Sebastien Rousseau

Personal information
- Full name: Sebastien Daniel Rousseau
- National team: South Africa
- Born: 10 September 1990 (age 35) Sandton, South Africa
- Height: 1.91 m (6 ft 3 in)
- Weight: 88 kg (194 lb)

Sport
- Sport: Swimming
- Strokes: Freestyle, butterfly, medley
- Club: Vineyard Swim Club; Gator Swim Club
- College team: University of Florida (U.S.)
- Coach: Karoly von Toros (South Africa) Gregg Troy (U.S.)

= Sebastien Rousseau =

South African swimmer (born 1990)

Sebastien Daniel Rousseau (born 10 September 1990) is a competition swimmer who has represented South Africa in three Summer Olympics and other international swimming championships.
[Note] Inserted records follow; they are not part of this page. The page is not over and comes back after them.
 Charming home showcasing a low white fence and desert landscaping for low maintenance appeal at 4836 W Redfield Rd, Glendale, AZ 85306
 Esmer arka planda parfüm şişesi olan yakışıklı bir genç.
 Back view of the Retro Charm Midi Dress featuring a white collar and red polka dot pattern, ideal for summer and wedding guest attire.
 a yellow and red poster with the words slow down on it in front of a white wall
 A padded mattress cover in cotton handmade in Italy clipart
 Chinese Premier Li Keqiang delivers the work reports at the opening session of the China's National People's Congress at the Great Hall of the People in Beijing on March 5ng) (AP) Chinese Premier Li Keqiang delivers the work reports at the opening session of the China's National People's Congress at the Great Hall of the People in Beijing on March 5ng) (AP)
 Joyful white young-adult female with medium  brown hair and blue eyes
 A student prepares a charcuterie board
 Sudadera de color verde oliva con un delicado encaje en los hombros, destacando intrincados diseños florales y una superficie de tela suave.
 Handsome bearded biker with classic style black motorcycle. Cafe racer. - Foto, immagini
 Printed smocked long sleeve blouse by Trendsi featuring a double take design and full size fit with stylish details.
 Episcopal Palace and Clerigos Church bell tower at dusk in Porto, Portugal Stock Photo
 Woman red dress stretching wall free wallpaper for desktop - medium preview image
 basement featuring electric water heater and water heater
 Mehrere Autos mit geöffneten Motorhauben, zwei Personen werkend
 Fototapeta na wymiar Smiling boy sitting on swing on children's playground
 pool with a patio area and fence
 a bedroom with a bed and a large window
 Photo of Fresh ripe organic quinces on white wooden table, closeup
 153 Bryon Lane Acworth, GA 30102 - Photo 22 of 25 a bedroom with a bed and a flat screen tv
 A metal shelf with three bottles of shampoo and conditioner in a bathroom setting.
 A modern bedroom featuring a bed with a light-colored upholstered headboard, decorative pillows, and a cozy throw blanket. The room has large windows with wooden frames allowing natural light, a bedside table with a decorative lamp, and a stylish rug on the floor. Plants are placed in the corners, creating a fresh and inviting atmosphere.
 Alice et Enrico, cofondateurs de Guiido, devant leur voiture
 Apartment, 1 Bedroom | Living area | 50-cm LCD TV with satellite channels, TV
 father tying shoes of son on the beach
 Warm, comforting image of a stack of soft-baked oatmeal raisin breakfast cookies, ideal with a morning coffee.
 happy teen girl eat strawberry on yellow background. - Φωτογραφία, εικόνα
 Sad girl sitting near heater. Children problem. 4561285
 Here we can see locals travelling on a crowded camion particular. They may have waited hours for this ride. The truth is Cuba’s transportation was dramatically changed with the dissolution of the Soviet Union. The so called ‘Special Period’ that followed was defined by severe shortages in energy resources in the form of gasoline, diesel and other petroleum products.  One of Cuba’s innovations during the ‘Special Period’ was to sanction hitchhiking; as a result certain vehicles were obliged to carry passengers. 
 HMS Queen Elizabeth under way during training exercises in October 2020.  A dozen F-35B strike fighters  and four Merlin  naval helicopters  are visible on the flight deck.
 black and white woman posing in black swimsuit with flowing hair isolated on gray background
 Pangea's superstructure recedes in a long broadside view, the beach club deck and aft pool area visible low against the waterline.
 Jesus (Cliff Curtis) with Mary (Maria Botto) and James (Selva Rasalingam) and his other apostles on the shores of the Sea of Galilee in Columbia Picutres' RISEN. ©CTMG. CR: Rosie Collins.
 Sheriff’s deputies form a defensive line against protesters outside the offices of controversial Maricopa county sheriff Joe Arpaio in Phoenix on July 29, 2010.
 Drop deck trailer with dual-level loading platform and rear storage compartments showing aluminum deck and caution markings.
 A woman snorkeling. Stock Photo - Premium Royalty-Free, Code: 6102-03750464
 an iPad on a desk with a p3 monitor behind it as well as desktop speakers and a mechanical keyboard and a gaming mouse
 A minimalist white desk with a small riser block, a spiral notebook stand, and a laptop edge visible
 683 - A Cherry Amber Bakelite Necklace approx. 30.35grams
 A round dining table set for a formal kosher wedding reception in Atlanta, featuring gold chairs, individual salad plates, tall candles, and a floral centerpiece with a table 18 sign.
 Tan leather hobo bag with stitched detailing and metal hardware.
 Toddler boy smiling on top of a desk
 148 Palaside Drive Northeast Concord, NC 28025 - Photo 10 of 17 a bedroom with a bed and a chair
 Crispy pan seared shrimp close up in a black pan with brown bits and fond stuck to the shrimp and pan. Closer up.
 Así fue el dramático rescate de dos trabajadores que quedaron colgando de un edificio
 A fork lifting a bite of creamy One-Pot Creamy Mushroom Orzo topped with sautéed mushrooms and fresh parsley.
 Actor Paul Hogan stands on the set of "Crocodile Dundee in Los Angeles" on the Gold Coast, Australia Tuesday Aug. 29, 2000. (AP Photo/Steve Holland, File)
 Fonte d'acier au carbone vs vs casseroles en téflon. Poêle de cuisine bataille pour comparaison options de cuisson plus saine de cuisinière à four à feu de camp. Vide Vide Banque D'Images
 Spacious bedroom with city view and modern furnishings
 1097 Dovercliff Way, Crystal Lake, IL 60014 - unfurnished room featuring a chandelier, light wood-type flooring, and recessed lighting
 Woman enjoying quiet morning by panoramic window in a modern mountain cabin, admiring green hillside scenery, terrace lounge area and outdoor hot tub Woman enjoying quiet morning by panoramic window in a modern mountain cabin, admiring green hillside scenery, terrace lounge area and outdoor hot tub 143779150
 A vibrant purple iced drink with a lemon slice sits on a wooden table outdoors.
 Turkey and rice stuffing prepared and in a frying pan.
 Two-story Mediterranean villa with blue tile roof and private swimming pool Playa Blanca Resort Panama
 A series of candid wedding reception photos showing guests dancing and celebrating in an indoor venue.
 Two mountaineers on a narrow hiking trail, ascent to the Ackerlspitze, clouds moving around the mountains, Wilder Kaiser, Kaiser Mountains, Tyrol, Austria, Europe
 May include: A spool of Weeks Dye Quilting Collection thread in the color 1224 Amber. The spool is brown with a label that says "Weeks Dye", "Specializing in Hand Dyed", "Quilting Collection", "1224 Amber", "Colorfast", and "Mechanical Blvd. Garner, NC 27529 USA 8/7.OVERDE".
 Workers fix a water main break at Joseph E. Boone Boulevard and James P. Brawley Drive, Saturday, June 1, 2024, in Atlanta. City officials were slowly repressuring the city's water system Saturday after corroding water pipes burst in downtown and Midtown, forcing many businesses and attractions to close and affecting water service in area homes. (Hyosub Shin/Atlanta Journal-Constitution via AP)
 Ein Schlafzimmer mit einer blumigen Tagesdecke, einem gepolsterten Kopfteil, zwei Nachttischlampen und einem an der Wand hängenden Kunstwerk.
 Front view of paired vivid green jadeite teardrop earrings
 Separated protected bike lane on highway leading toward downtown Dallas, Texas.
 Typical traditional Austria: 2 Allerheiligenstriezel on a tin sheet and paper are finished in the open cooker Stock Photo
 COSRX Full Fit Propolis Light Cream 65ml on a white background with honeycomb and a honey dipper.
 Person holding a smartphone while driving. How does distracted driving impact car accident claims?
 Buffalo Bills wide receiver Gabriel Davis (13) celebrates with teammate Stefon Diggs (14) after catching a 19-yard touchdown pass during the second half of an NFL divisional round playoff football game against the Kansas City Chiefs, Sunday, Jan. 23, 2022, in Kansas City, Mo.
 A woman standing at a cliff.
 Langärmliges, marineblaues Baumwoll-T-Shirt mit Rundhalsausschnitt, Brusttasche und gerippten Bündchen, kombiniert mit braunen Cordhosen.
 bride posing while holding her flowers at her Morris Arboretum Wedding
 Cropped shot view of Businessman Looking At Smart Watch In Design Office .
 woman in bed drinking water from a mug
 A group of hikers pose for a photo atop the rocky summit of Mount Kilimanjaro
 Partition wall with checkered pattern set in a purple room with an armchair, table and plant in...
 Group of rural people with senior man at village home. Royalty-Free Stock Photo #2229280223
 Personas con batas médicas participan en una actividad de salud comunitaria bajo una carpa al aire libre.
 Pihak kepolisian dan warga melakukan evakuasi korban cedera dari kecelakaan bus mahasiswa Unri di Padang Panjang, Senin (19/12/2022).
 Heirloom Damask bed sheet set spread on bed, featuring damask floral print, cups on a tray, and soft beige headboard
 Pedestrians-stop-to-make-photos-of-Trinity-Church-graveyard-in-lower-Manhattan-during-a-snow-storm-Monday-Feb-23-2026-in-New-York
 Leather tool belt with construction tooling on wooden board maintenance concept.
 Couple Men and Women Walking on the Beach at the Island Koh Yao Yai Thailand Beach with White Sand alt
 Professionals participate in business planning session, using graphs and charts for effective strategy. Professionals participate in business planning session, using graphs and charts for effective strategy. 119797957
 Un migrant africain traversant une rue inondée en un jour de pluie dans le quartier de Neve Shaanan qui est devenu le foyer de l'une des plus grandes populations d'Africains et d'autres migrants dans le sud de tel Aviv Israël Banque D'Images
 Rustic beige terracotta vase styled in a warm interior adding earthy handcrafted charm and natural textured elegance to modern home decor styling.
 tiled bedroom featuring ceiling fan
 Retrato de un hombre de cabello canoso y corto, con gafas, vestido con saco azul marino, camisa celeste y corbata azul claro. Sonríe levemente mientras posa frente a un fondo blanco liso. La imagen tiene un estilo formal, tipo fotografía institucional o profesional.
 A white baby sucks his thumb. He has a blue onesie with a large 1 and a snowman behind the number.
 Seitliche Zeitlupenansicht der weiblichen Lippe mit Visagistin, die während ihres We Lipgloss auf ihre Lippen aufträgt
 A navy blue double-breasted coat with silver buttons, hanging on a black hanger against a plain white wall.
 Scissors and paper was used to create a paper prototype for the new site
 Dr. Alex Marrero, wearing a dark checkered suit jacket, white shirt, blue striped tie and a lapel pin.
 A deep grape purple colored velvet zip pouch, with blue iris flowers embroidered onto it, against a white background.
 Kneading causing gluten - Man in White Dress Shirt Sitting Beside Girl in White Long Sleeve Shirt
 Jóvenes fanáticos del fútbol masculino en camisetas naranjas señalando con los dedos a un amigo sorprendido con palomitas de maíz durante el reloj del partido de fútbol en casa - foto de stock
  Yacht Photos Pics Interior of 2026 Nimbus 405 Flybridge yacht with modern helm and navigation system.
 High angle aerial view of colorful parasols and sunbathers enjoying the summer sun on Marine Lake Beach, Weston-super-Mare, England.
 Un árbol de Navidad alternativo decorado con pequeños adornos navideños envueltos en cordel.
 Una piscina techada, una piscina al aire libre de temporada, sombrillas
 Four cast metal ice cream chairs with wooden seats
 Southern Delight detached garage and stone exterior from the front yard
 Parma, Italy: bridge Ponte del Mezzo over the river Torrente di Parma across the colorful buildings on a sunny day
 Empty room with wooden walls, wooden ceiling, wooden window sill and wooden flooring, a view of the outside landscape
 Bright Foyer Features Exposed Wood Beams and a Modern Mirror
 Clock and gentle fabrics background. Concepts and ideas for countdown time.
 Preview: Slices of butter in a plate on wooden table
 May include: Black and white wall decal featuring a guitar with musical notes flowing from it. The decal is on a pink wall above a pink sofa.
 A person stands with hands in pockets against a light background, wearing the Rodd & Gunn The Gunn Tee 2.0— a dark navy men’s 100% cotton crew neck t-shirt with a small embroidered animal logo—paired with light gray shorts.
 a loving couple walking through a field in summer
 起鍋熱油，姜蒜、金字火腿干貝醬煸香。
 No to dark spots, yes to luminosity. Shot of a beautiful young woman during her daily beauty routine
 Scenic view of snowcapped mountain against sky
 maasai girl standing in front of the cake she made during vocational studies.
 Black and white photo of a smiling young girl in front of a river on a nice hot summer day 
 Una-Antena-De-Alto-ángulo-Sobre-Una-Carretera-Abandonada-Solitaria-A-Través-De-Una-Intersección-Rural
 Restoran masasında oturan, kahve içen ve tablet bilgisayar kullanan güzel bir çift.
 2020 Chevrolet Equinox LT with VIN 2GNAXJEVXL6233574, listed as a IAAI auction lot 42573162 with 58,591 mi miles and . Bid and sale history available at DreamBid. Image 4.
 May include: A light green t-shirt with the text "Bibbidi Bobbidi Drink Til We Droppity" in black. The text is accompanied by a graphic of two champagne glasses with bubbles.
He is married to Holly.

== Career ==
Rousseau is the South African record holder in the 400m Individual Medley (LCM) with a time of 4:11.11, which he achieved while winning the event at the 2013 U.S. Open. He competed in the 2009 and 2011 World Swimming Championships, in Rome and Shanghai respectively. He competed in the 2010 and 2014 Commonwealth Games, in Delhi and Glasgow respectively. He competed in the 4 × 200 metre freestyle relay event at the 2008 Summer Olympics and the 4 × 200 metre freestyle relay event at the 2012 Summer Olympics. At the 2014 Commonwealth Games, he won bronze medals in the 400m individual medley, 200m butterfly, 4 × 200 m freestyle relay and 4 × 100 m medley relay. At the 2016 Summer Olympics, he competed in the 400 m individual medley where he finished 21st in the heats with a time of 4:18.72 and did not qualify for the final. He also competed in the 200 m butterfly where he finished 23rd in the heats with a time of 1:57.33 and did not qualify for the semifinals. He was part of South Africa's 4 × 200 m freestyle relay team that finished 10th in the heats and did not qualify for the final. Rousseau retired from competitive swimming following the Rio Olympic Games in 2016.